• Prompt
The range to repeat runs from the line with "Bloco de Notas" to the last line below, both ends included; give it exactly and without pictures.

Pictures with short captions
--- START ---
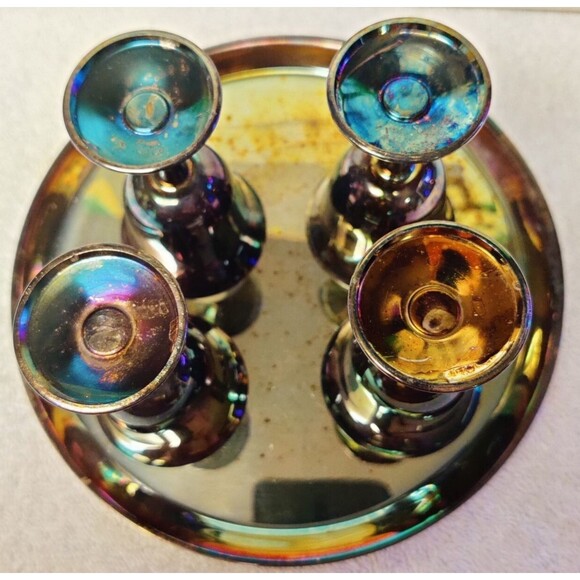 Vintage Wm Rogers Silver-plated Goblet Set with Serving Tray Pre Owned - Picture 5 of 16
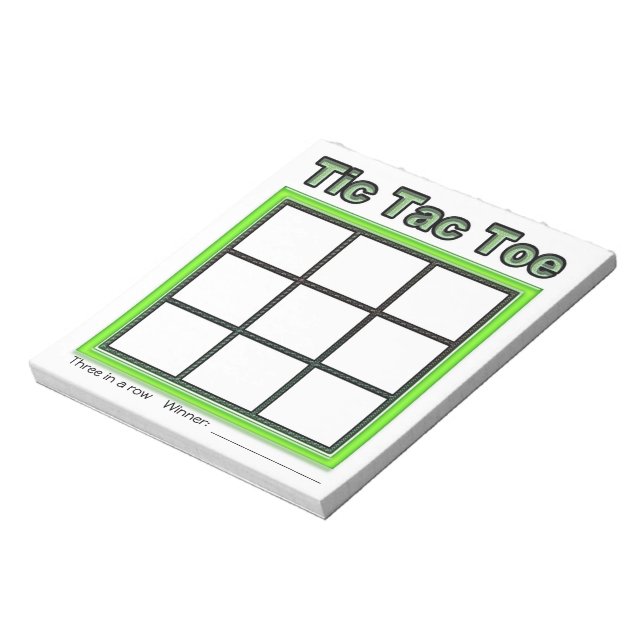Bloco de Notas do Jogo Tac Tic Verde (Invertido)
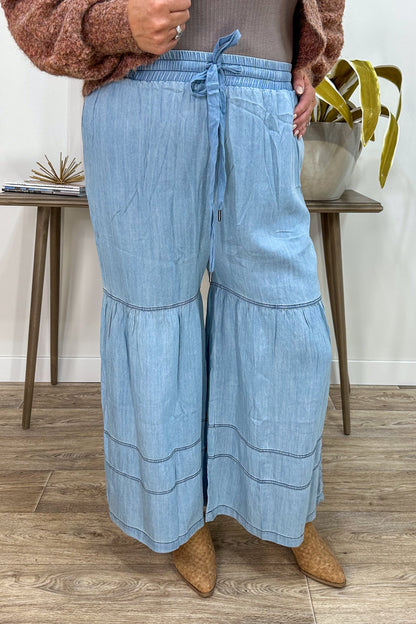 Washed Chambray Side Pockets Pant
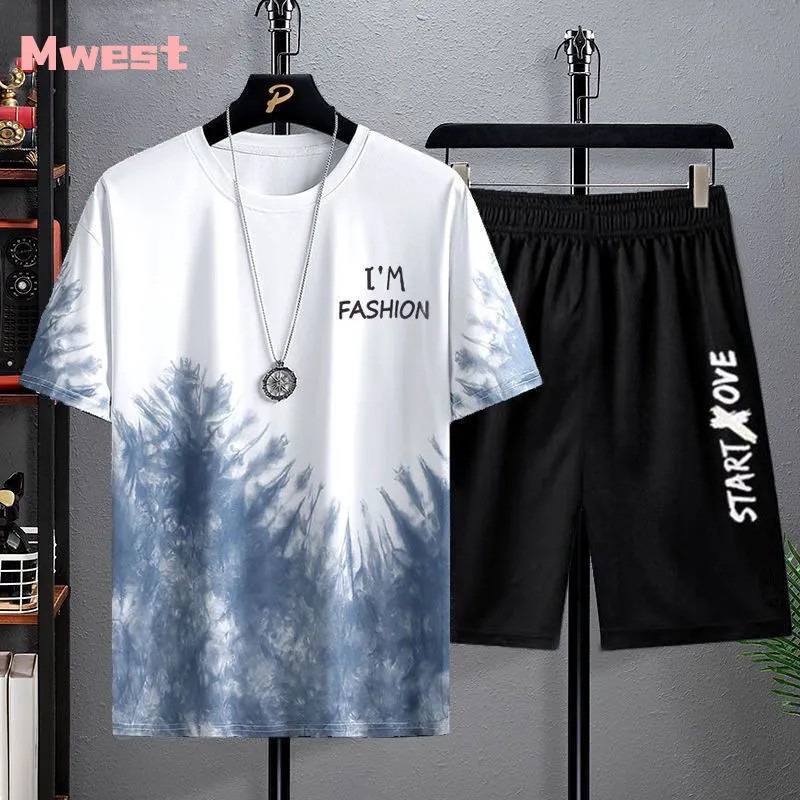 2021新款冰丝渐变套装男短袖t恤夏季休闲短裤运动两件套帅气男装,淘宝优惠券,粉丝福利购,淘宝优惠卷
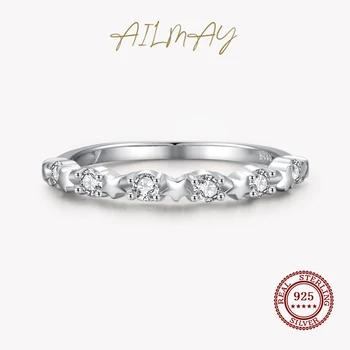 Ailmay Наращиваемые кольца на палец из натурального стерлингового серебра 925 пробы с пятиконечной звездой и круглыми кольцами для женщин, свадебные украшения для помолвки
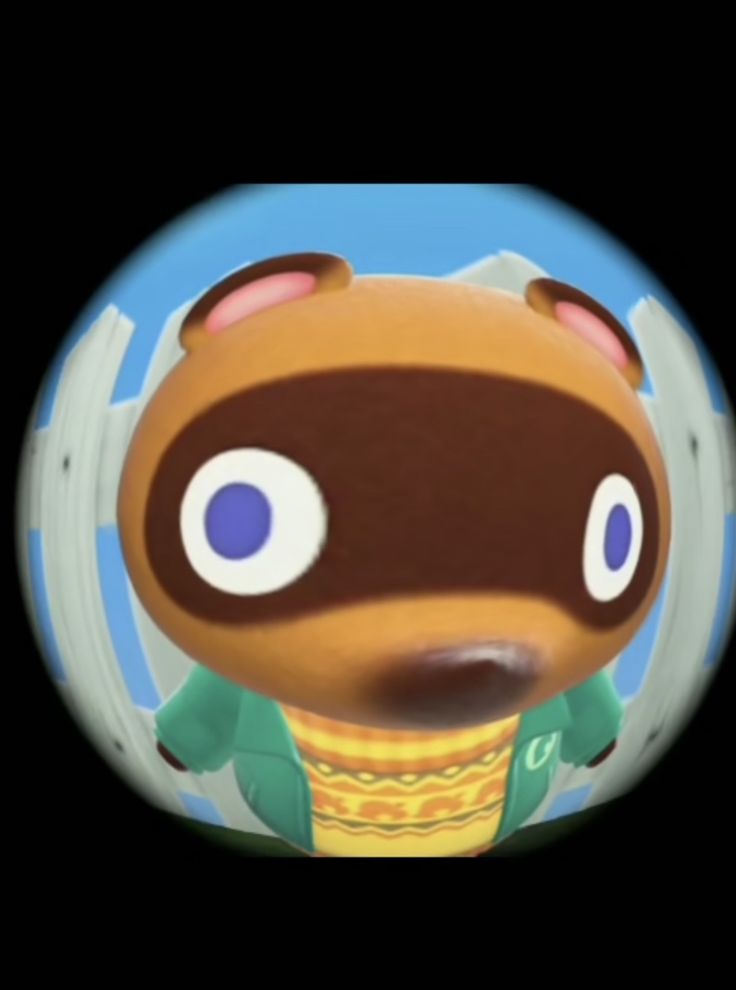 an animal crossing character is shown in the background, and it appears to be looking at something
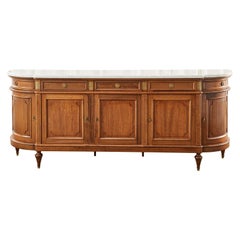 French Louis XVI Cararra Marble Bronze Mounted Mahogany Sideboard
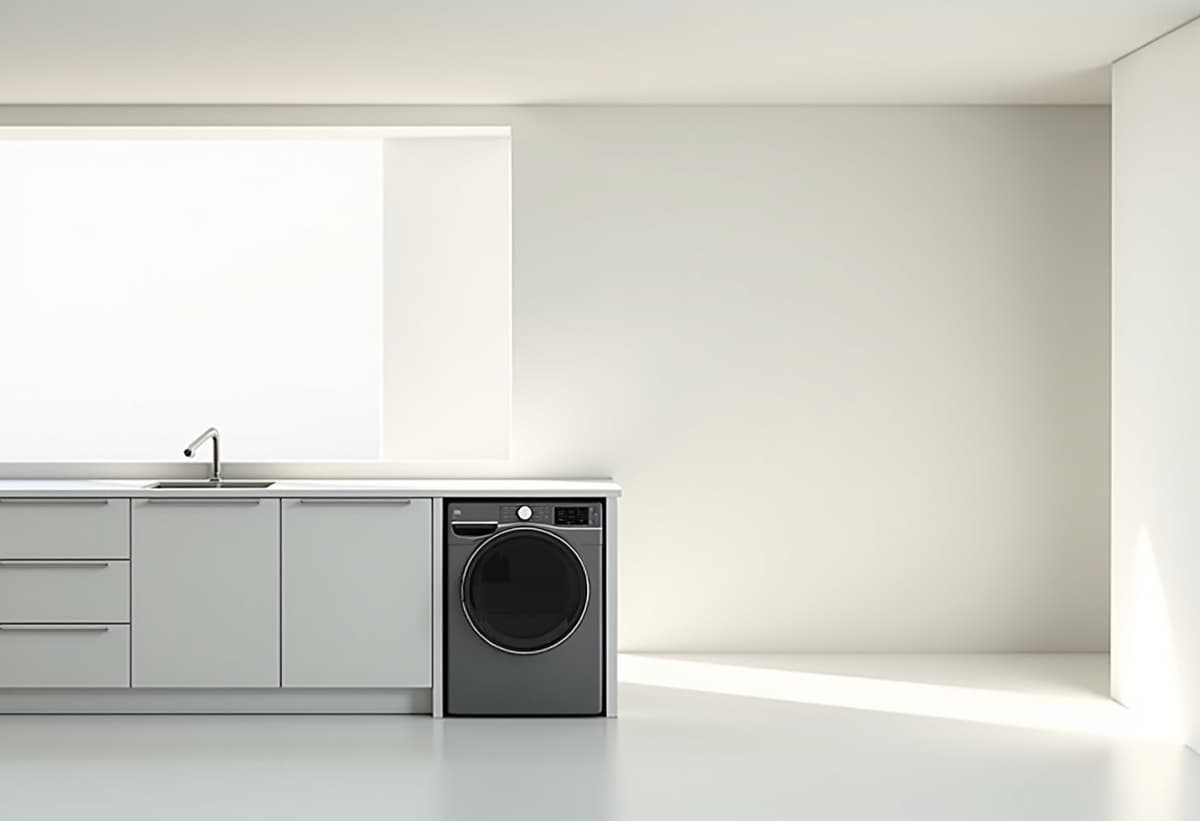 Professional appliance repair technician inspecting a dryer in a Carmichael home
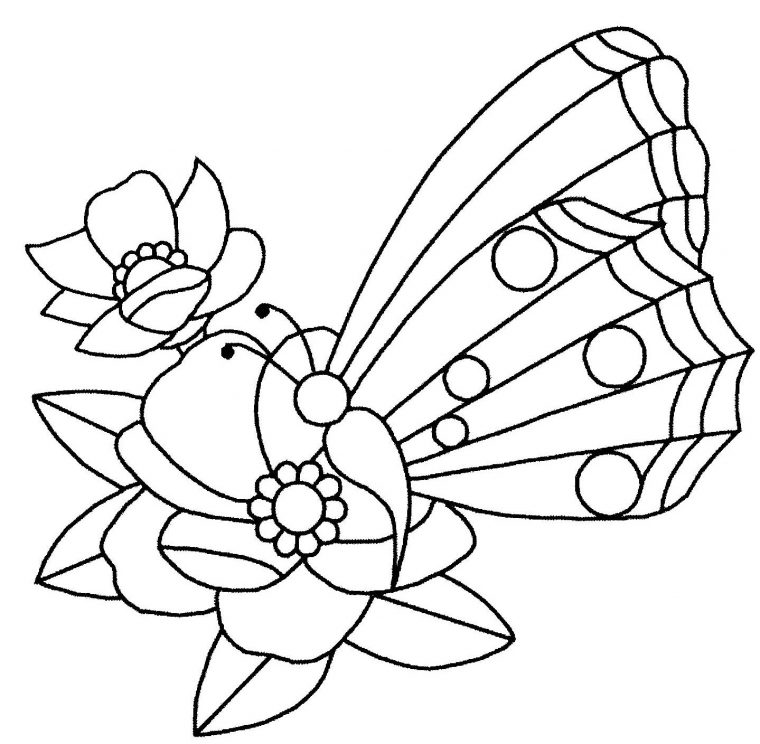 Coloriage Fleur Et Papillon tout Dessin Papillon À Colorier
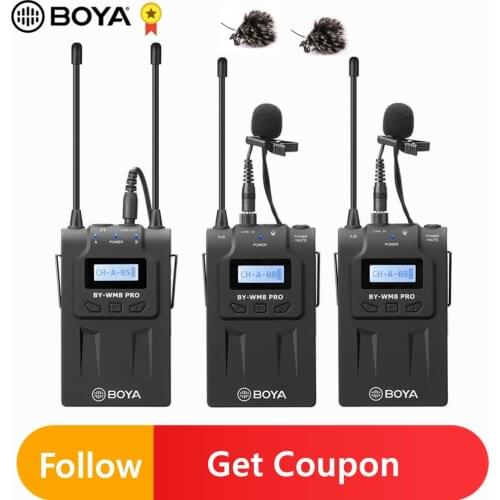 BOYA BY-WM8 Pro UHF Dual-Channel Wireless Microphone System Interview Receiver Transmitter for iPhone Canon Nikon DSLR Camera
--- END ---
• Solution to the exercise
Bloco de Notas do Jogo Tac Tic Verde (Invertido)
 Washed Chambray Side Pockets Pant
 2021新款冰丝渐变套装男短袖t恤夏季休闲短裤运动两件套帅气男装,淘宝优惠券,粉丝福利购,淘宝优惠卷
 Ailmay Наращиваемые кольца на палец из натурального стерлингового серебра 925 пробы с пятиконечной звездой и круглыми кольцами для женщин, свадебные украшения для помолвки
 an animal crossing character is shown in the background, and it appears to be looking at something
 French Louis XVI Cararra Marble Bronze Mounted Mahogany Sideboard
 Professional appliance repair technician inspecting a dryer in a Carmichael home
 Coloriage Fleur Et Papillon tout Dessin Papillon À Colorier
 BOYA BY-WM8 Pro UHF Dual-Channel Wireless Microphone System Interview Receiver Transmitter for iPhone Canon Nikon DSLR Camera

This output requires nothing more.